# [What you have to do]
Repeat word for word the lines from the one containing "Tender and juicy" to the end of the material below, and leave all pictures out.

# [Data to use]
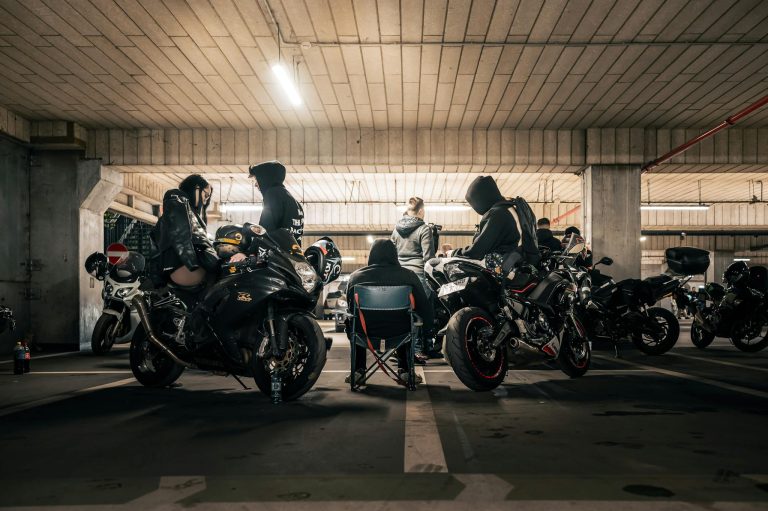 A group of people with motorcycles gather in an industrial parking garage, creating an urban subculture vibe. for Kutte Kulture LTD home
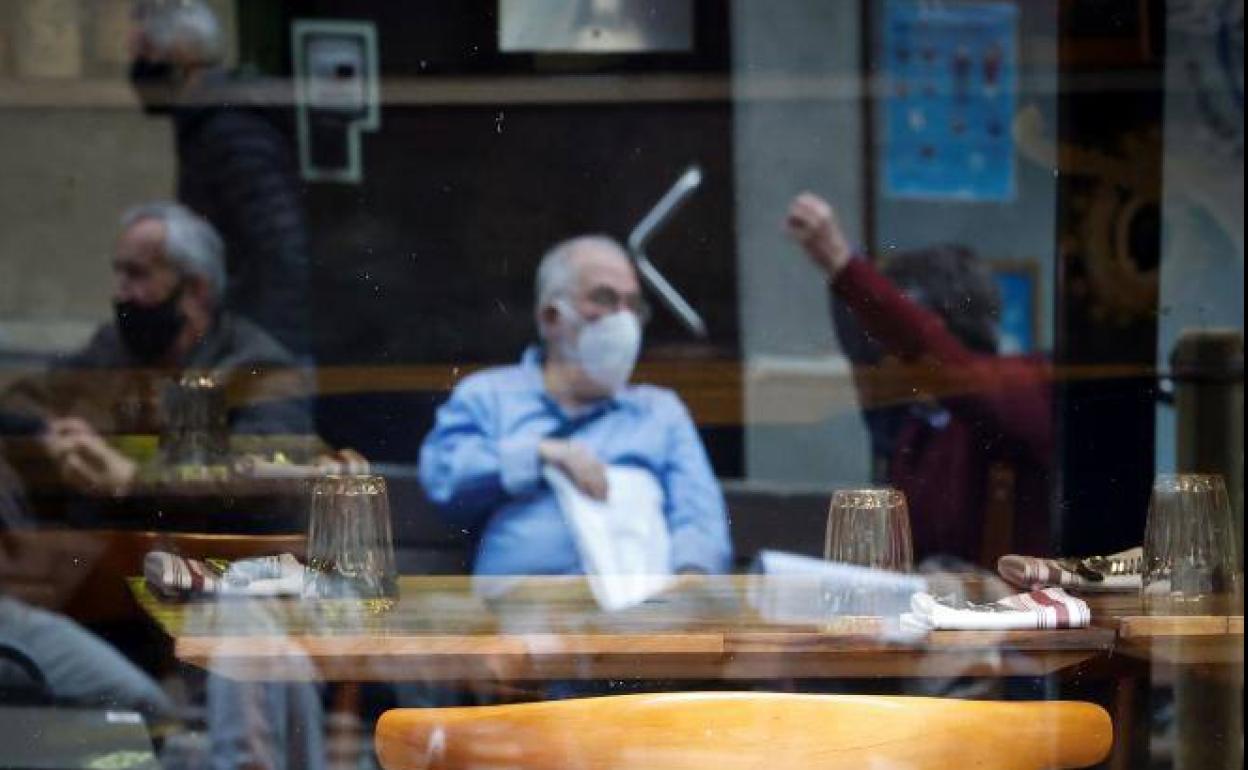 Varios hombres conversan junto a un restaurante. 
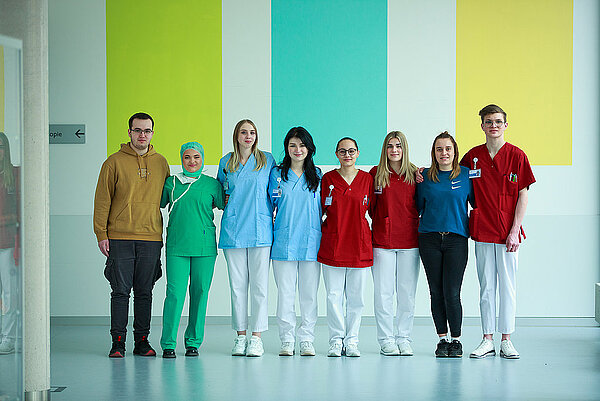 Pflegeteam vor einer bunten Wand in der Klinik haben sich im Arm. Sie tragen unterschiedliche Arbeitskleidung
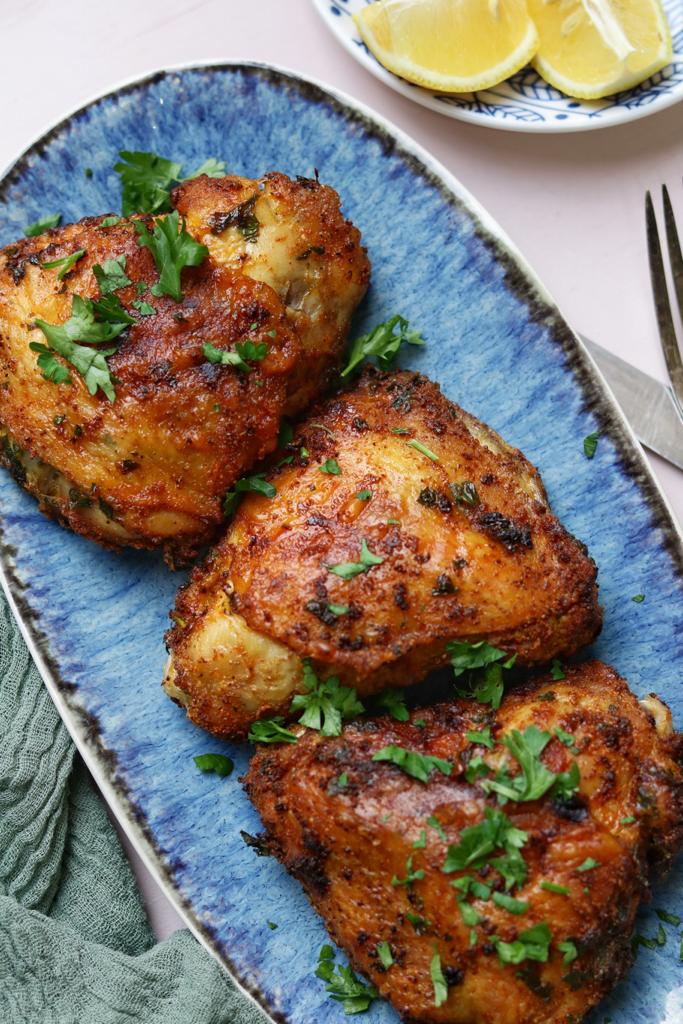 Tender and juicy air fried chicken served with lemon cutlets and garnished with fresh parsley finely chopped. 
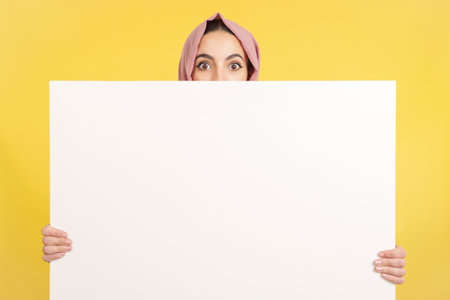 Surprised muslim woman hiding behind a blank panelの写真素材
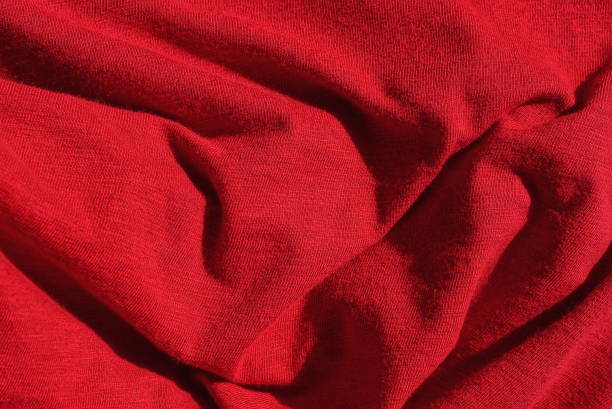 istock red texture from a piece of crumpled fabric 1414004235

# [Response area]
 Tender and juicy air fried chicken served with lemon cutlets and garnished with fresh parsley finely chopped. 
 Surprised muslim woman hiding behind a blank panelの写真素材
 istock red texture from a piece of crumpled fabric 1414004235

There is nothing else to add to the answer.